Human evaluation (912 participants):

Method	CLIP↑	3D Consistency Q1↓	Text Alignment Q2↓	Visual Quality Q3↓
VSD (SD 2.1)	0.352	1.84	1.85	1.79
Ours (ControlNet, SD 2.1)	0.369	1.16	1.15	1.21
VSD (SD 1.5)	0.281	1.99	2.00	2.08
SDS-Bridge (SD 1.5)	0.233	2.38	2.35	2.29
Ours (IP-Adapter, SD 1.5)	0.334	1.63	1.66	1.63

Ablation Study¶

Configuration	All↑	Notes
SDS baseline	29.7	Baseline
AnchorDS (IP-Adapter)	30.7	Source anchoring only, +1.0
+ Filter	32.8	Filter unstable predictions, +3.1
+ Finetune	33.3	Fine-tune adapter, +3.6

Key Findings¶

Source anchoring alone is effective (+1.0); Filter and Finetune each provide additional gains.
Largest improvement on multi-object scenes: the Multi category improves from 20.6 to 25.7 (+24.8%), as source anchoring effectively prevents semantic mixing between different objects.
Method is insensitive to the choice of image conditioner: both IP-Adapter and ControlNet are effective, demonstrating the generality of the approach.
VSD, despite more refined distribution modeling, still produces unnatural colors and structural artifacts due to neglect of source dynamics.
SDS-Bridge's hand-crafted negative prompts introduce new biases (e.g., material and texture artifacts), limiting flexibility.

Highlights & Insights¶

Precise problem analysis with mathematical grounding: Decomposing the SDS gradient into \(m_1\) and \(m_2\), and further expanding it into a pseudo-editing formulation (Eq. 8), clearly exposes the information loss caused by the unconditional source estimate. This analytical framework is far more convincing than intuitive explanations alone.
Extremely lightweight method: The core modification amounts to replacing the unconditional branch in CFG with an image-conditioned branch — a change on the order of a single line of code, requiring no additional networks or training data. The Filter/Finetune strategies are equally simple.
The "dynamic source distribution" perspective may generalize to other distillation scenarios: e.g., SDS variants in 2D editing and video generation — any iterative optimization setting using SDS could benefit from analogous source anchoring.

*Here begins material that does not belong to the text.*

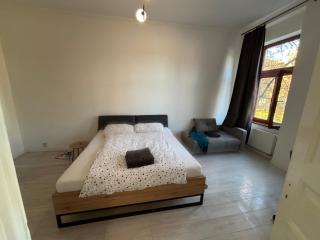 Central Modern Suite - 1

Limitations & Future Work¶

Still reliant on the SDS paradigm: inherits SDS's inherently slow optimization (requiring thousands of steps), making it unsuitable for real-time applications.
Upper-bounded by image conditioner capability: if IP-Adapter/ControlNet exhibits poor inversion capability for certain rendering styles, source estimation quality degrades (which motivates the Filter strategy).
No comparison with feed-forward 3D generation methods: the T3Bench evaluation only compares against SDS variants, lacking comparison with 3D-native generative models.

vs. VSD (ProlificDreamer): VSD trains a LoRA-based particle distribution model to approximate the source distribution, incurring high computational overhead (4 models). AnchorDS directly conditions on the rendered image with zero additional models and achieves superior performance.
vs. SDS-Bridge: SDS-Bridge corrects source bias via hand-crafted negative prompts describing the 3D state, introducing new biases. AnchorDS lets the model directly "see" the current rendering, introducing no additional bias.
vs. DDS: DDS also uses a reference image but requires a paired reference prompt and serves a different purpose. AnchorDS acquires its image condition automatically (the current rendering).

Rating¶

Novelty: ⭐⭐⭐⭐ In-depth analysis of the source distribution problem in SDS; method is elegant and concise.
Experimental Thoroughness: ⭐⭐⭐⭐ T3Bench + human evaluation + ablation + multi-baseline comparison.
Writing Quality: ⭐⭐⭐⭐⭐ Analysis and derivations are clear, figures are intuitive, and the logical chain is complete.
Value: ⭐⭐⭐⭐ A significant improvement within the SDS framework; the method is simple and reproducible.